Narrator: In June 1940, the French government surrendered to Nazi Germany. France was divided into a northern German-occupied zone, and a southern zone with a puppet government known as Vichy France. Until German control finally ended with the Allied invasion in 1944, many French citizens resisted the occupation. Historian Garret Martin describes how French General Charles de Gaulle responded to the fall of France.
Garret Martin: Unlike a lot of his other fellow members of government, who advocated an armistice and cooperating with the German invader, de Gaulle really took a very ambitious move to seek refuge in London, and to make a very solemn declaration on the 18th of June 1940 to continue the fight, saying that “France had lost a battle, but they had not lost the war.”
Narrator: Unlike most of his colleagues, Frédéric Joliot-Curie remained in his Paris laboratory throughout the war, as Hélène Langevin-Joliot remembers.
Hélène Langevin-Joliot: My father reached Bordeaux with [Lew] Kowarski, [Hans] Halban, and the papers of the experiment and the heavy water needed for the project of a small atomic reactor, a “pile,” as it was said at that time.
Finally, he decided not to go with Halban and Kowarski, not to go to England, not to leave France, with the idea that the Germans will be defeated at the end.

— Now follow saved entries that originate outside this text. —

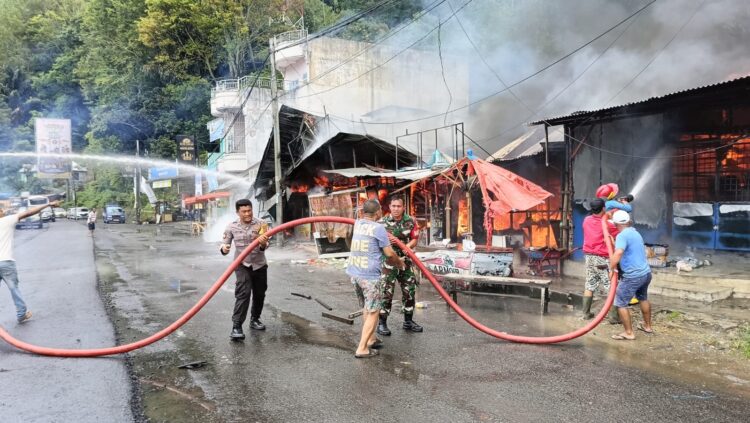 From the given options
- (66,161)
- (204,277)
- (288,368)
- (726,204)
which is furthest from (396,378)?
(66,161)

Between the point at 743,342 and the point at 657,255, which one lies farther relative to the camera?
the point at 657,255

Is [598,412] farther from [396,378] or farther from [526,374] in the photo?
[396,378]

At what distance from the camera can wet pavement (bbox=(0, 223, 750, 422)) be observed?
13.0 ft

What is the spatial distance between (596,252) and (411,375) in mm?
3718

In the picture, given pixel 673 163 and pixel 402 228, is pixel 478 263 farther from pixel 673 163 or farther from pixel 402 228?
pixel 673 163

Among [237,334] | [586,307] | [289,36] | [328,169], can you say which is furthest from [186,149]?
[586,307]

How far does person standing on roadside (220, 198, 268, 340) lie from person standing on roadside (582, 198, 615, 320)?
4642 mm

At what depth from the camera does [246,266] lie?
6312mm

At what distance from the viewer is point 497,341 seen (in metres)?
6.07

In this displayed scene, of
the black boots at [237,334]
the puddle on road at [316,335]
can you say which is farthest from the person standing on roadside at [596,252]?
the black boots at [237,334]

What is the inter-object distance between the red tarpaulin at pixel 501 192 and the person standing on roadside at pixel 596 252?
4.30m

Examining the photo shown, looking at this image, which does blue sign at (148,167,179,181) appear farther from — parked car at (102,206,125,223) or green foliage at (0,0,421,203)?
parked car at (102,206,125,223)

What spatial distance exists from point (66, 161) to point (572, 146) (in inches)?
1722

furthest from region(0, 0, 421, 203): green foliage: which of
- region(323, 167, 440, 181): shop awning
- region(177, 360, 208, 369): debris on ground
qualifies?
region(177, 360, 208, 369): debris on ground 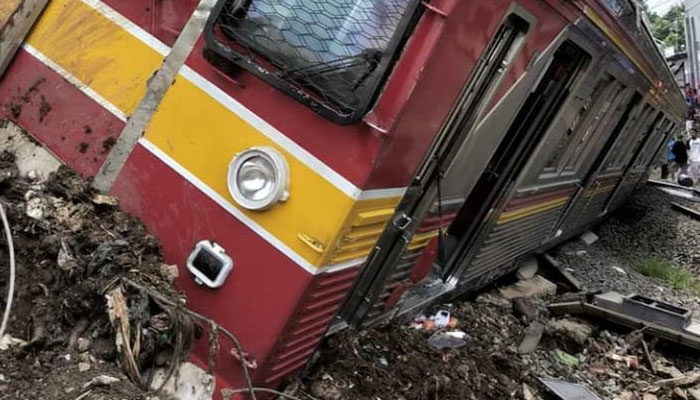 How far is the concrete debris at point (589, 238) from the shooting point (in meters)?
10.0

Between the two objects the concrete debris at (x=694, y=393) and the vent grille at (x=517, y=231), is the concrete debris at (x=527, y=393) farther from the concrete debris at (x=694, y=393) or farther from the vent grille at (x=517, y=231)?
the concrete debris at (x=694, y=393)

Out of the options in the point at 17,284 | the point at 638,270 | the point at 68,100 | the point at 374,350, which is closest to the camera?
the point at 17,284

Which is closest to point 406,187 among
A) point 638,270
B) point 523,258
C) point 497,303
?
point 497,303

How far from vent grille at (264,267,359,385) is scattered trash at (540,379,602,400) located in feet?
6.53

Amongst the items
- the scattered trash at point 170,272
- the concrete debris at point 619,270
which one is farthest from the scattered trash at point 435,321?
the concrete debris at point 619,270

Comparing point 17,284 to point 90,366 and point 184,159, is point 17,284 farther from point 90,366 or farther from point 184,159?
point 184,159

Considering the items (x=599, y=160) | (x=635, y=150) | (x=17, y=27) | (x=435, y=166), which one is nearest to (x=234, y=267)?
(x=435, y=166)

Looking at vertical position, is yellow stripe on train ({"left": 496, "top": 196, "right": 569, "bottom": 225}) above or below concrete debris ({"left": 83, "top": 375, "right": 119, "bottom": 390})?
above

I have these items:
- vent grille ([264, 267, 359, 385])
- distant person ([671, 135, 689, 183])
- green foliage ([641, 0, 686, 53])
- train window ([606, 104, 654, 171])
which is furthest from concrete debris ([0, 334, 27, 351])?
green foliage ([641, 0, 686, 53])

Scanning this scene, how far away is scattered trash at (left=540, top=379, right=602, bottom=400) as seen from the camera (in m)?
4.29

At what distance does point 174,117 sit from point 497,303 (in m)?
3.75

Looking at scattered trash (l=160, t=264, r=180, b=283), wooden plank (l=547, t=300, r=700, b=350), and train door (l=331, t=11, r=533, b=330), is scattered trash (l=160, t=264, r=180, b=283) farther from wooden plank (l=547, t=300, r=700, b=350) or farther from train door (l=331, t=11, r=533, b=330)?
wooden plank (l=547, t=300, r=700, b=350)

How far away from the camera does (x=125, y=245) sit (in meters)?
2.55

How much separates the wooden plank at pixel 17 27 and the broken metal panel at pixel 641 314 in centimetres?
456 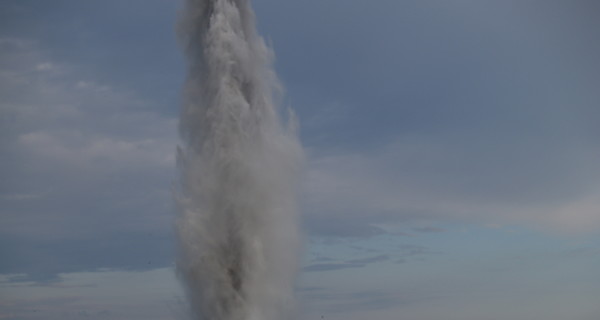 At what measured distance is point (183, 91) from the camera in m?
64.4

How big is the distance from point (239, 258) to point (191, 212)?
5841 millimetres

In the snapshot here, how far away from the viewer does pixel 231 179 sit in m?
→ 59.6

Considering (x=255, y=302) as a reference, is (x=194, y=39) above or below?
above

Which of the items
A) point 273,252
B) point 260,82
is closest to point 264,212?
point 273,252

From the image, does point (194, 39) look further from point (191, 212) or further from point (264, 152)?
point (191, 212)

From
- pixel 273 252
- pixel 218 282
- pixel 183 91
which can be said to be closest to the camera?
pixel 218 282

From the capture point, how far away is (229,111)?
6109 centimetres

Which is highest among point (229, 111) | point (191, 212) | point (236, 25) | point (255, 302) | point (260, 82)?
point (236, 25)

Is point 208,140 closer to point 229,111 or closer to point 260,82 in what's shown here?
point 229,111

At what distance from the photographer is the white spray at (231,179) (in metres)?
57.5

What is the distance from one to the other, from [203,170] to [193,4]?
16987mm

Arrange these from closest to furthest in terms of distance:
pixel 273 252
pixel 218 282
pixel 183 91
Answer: pixel 218 282, pixel 273 252, pixel 183 91

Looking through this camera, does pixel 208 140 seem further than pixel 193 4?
No

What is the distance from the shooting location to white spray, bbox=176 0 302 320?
57.5 metres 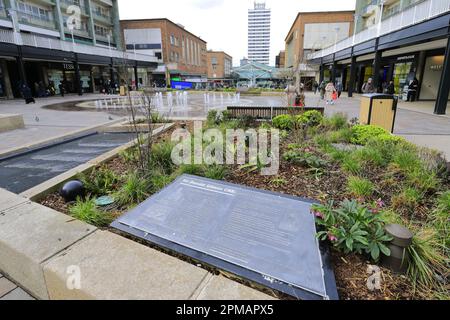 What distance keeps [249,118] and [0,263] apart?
282 inches

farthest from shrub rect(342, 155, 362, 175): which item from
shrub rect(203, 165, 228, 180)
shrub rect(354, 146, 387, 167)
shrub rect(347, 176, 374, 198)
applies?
shrub rect(203, 165, 228, 180)

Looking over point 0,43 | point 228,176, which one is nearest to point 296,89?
point 228,176

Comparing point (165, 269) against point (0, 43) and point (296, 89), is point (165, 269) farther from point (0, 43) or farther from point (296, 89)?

And that you need, during that time, to be able to maintain some science in France, to be able to do it again.
Narrator: Phillippe Halban remembers that his father Hans Halban was inspired by the British resolve to win the war.
Phillippe Halban: Going to England and seeing this admirable resilience, which clearly caught his attention, that he admired, and that, to a certain extent, fascinated him. He was admiring the resilience and, “This is where it’s going to happen. We’re not going to surrender. We are going to win this war.” You couldn’t not but be impressed and overwhelmed by that sort of attitude.
Historians Spencer Weart and Rebecca Erbelding discuss France under Nazi occupation, including Frédéric Joliot-Curie’s role in the French Resistance and France’s collaborationist government.
Narrator: As Spencer Weart describes, Frédéric Joliot-Curie played a significant role in the French Resistance, often at great personal risk.
Spencer Weart: There isn’t any doubt that Joliot gradually became one of the leaders of the Resistance. He was a very prestigious person, so that he was able to command a certain respect among people. The Resistance in France of course was not at first organized at all, and it was underground. Joliot went back to the Collège de France. He set up new scientific work. He got to work on his cyclotron.
But as things progressed and the Resistance became more organized, Joliot began to do Resistance activities. We don’t know much of what they were, but we know that he did help mobilize people. Radios were made for the Resistance in the Collège de France under the Germans’ noses.
They managed to keep their funding and keep people from being deported to work on farms and factories in Germany, which was what happened to young men.
Narrator: Some of the French, especially those with the Vichy government, did not join the Resistance. Instead they collaborated with the German occupiers. As Rebecca Erbelding explains, some Vichy officials even rounded up Jews for the Nazis.
Rebecca Erbelding: France has had a difficult memorial experience, because there are certain segments of the French government that were certainly collaborationist. Vichy France was collaborating. They were turning over foreign Jews. They always met the quota that the Germans asked. The Germans would say, “We need this many thousand Jews to be on a transport to Poland,” and the French government always provided those Jews. The French railroads transported them.
At the same time, there are entire villages that took in Jewish refugees and hid them for the entirety of the war, with intricate systems to alert the entire town when officials were coming in so that people could be hidden properly.